PCOS is a heterogeneous disorder that may be affected by multiple factors including genetic, lifestyle, and environment. The definition of PCOS is unclear, where it is defined by a combination of different features that lead to its diagnostic criteria remain controversial. PCOS women also experience multi-symptoms, and the diseases that comorbid to PCOS are widely varied [6, 119]. The complexity in PCOS is evident that many genes, proteins, and metabolites involved in the pathobiology of PCOS. All omics platforms have been applied to identifying the molecular basis of PCOS (Table 3) [120].
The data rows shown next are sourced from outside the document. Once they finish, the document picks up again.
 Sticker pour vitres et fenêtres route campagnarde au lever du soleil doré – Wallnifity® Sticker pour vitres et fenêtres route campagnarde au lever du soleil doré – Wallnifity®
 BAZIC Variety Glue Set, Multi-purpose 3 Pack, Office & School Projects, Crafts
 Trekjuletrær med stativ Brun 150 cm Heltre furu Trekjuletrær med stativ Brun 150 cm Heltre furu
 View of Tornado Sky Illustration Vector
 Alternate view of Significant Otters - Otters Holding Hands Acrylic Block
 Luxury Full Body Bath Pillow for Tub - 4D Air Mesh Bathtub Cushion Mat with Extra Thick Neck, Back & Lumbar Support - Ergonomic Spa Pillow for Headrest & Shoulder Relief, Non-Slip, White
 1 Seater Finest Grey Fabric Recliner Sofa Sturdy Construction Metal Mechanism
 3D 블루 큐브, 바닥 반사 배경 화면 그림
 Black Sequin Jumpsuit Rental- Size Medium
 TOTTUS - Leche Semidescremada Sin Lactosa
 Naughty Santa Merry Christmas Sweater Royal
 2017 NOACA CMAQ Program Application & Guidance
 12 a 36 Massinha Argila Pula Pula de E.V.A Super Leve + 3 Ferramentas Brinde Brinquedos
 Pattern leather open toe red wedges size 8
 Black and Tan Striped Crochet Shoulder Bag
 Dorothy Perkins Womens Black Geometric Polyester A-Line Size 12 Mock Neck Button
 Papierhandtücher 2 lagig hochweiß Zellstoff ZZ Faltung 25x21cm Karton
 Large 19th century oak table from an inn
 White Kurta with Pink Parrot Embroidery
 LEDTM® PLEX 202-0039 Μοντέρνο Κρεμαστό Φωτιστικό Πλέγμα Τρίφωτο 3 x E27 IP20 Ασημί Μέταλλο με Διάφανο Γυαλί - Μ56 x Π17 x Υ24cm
OmicsDescriptionExamples of previous studiesReference
GenomicsIdentification genetics evidence in PCOS womenIdentified 16 loci associated risk of PCOS in Chinese and European subjects[121, 122, 123, 124]
TranscriptomicsIdentification of differentially expressed genes (significantly up-regulated and down-regulated genes) between non-PCOS and PCOS womenIdentified 243 differential expressed gene in the granulosa cells between non-PCOS and PCOS patients[125]
ProteomicsDetection of differentially expressed protein between non-PCOS and PCOS womenIdentified 186 significantly expressed proteins in the follicular fluid between non-PCOS and PCOS women[126]
MetabolomicsDetection of altered metabolites between non-PCOS and PCOS womenThe altered metabolites in the sera between non-PCOS and PCOS women revealed disruptions in several metabolic pathways such as steroid hormone biosynthesis, amino acids and nucleotides metabolism, and glutathione metabolism, as well as lipids and carbohydrates metabolism[127]

Table 3.

Omics approaches in PCOS.

Even though all omics have been performed in PCOS, the pathobiology of PCOS is still far from understood. Since the prevalence of PCOS women is increased and if they are left untreated, PCOS women are at higher risk to develop other chronic diseases (endometrial cancer, type-2 diabetes and cardiovascular diseases), and other approaches such as computational systems analysis need to be done to improve the understanding in PCOS. By far, several studies have integrated the omics platforms using computational systems analysis to provide a systems-level understanding of PCOS.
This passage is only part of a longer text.